Archive for April, 2010

empty chairs

April 30th, 2010

Since my brother’s death a few months ago, I’ve been noticing the image of empty chairs more and more.  Empty chairs at the dinner table, empty chairs at my meetings, empty chairs in my groups.  Sometimes they are temporarily vacant and other times it’s a permanent absence, but either way, it’s change.  The song Everything Must Change points out that change is inevitable but it’s not always easy. Sometimes we choose to initiate change and sometimes it’s forced upon us.  Either way it shifts the balance of our lives all the time, and it’s an opportunity and a challenge to navigate the shifting waters and learn to be with the change rather than resist it.  As Eastern philosophy tells us, What we resist, persists.

Making peace with change in our lives while processing the impact on us will help transitions go by more gracefully and effortlessly.

lessons from tiger

April 10th, 2010

It seems that the media continues to have a frenzy around the life of Tiger Woods and his family which not only seems to be incredibly disrespectful of their privacy but counterproductive to his recovery.  Whether or not he learns from his mistakes is besides the point, but whether or not America learns from recent celebrity examples remains to be seen.
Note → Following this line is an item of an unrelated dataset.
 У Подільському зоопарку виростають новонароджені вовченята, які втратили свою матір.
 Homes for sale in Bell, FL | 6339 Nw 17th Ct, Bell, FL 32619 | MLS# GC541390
What are the lessons to be learned?  First off, the main point is that it really isn’t about the sex.  Yes–the sexual choices were in exceptionally poor judgment, but it’s really not about the sex. It’s about a man (or millions of people who become sexually compulsive) dealing with their emptiness and looking for contact in all the wrong places.  It’s about a lifetime of dormant broken-heartedness manifesting in these self-destructive ways on the world stage.

If one lesson can be taken from this international display of pain, I hope it will be compassion for one another.  Whether this comes in small ways or larger ways, it’s an opportunity for knowledge and growth that can only come from such a public display of narcissism and woundedness.